In order to copy backup file to AWS S3 bucket you'll need to create AWS account and assign appropriate policy to it:
{
"Version": "2012-10-17",
"Statement": [
{
"Sid": "VisualEditor0",
"Effect": "Allow",
"Action": [
"s3:PutObject",
"s3:AbortMultipartUpload",
"s3:ListBucket"
],
"Resource": [
"arn:aws:s3:::my-backups",
"arn:aws:s3:::my-backups/*"
]
}
]
}
In addition for optional AWS SES integration for sending email notifications following policy will be needed:
{
"Version": "2012-10-17",
"Statement": [
{
"Sid": "VisualEditor0",
"Effect": "Allow",
"Action": [
"ses:SendEmail",
"ses:SendRawEmail"
],
"Resource": "arn:aws:ses:us-east-1:096851829459:identity/admin@mydomain.com"
}
]
}
That's it!
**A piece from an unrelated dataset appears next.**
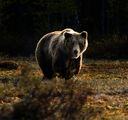 Na oběť si jen hrál. Slovák dostal pokutu za vyprovokování medvědice, kterou praštil sekyrou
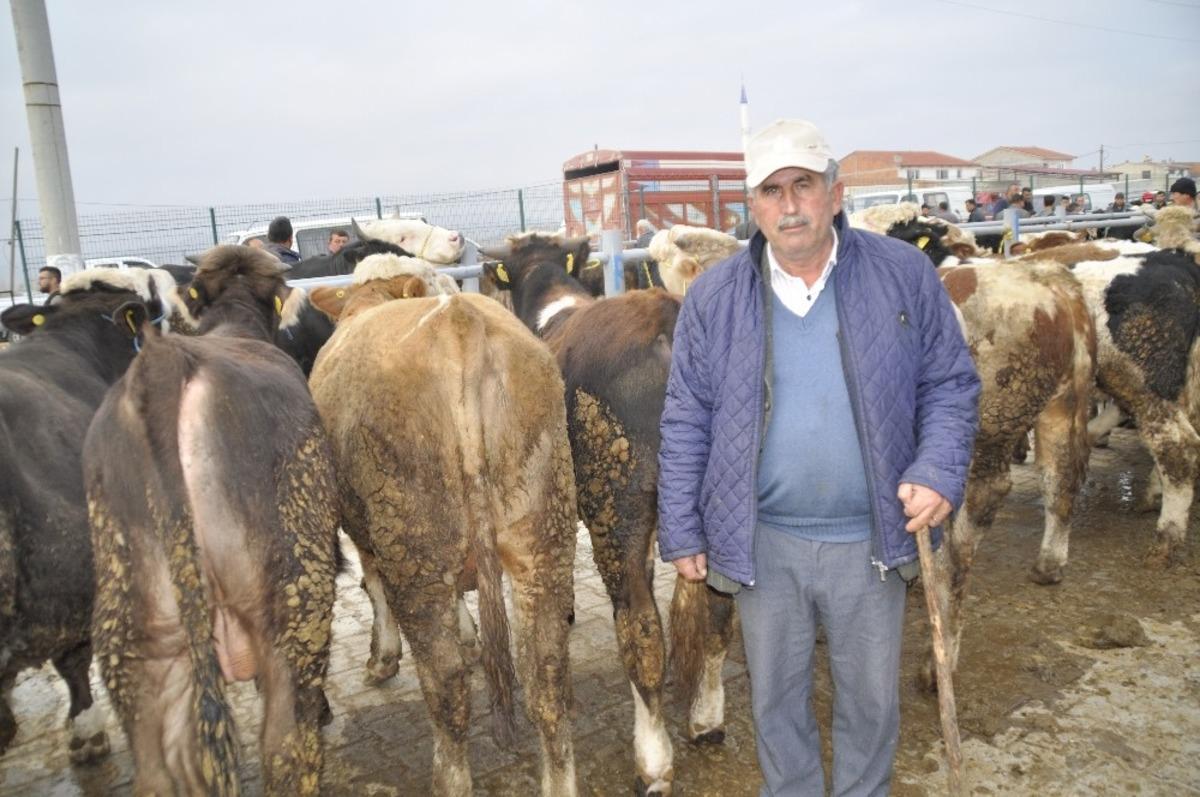 Afyonkarahisar&rsquo;da b&uuml;y&uuml;kbaş hayvan &uuml;reticileri yem fiyatlarından dertli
Now you can check backups are stored in your AWS S3 bucket daily.
In order to restore the database you can follow following procedure from your workstation:
2. Download backup file
$ mkdir /data/install/landmarks && cd /data/install/landmarks
$ aws configure --profile=s3
$ S3_BACKUP_PATH=s3://my-backups/landmarksdb
$ DUMP_FILE=pg-backup_20201203_141724.sql.bz2.nc
$ aws s3 cp $S3_BACKUP_PATH/$DUMP_FILE $DUMP_FILE
3. Install mcrypt and bzip2. You can check my container definition file above for commands how to install these tools from EPEL repository.
4. Decrypt and uncompress backup file
$ mcrypt -d $DUMP_FILE
#passphrase: ...
$ bzip2 -vd pg-backup_20201203_141724.sql.bz2
5. Copy backup file to destination database container
$ oc project landmarks
$ DB_POD=$(oc get pods | grep landmarksdb | awk '{print $1}') && echo $DB_POD
$ oc rsync /data/install/landmarks $DB_POD:/var/lib/pgsql/data
6. Import backup to the database
$ oc rsh $DB_POD
sh-4.2$ psql -d landmarksdb < /var/lib/pgsql/data/landmarks/pg-backup_20201203_141724.sql
sh-4.2$ rm -rf /var/lib/pgsql/data/landmarks/
In order to backup and restore data to other Database Management System you can follow pretty much the same procedure and simply replace pg_dump tool with other backup & restore tool suitable for your Database Management System.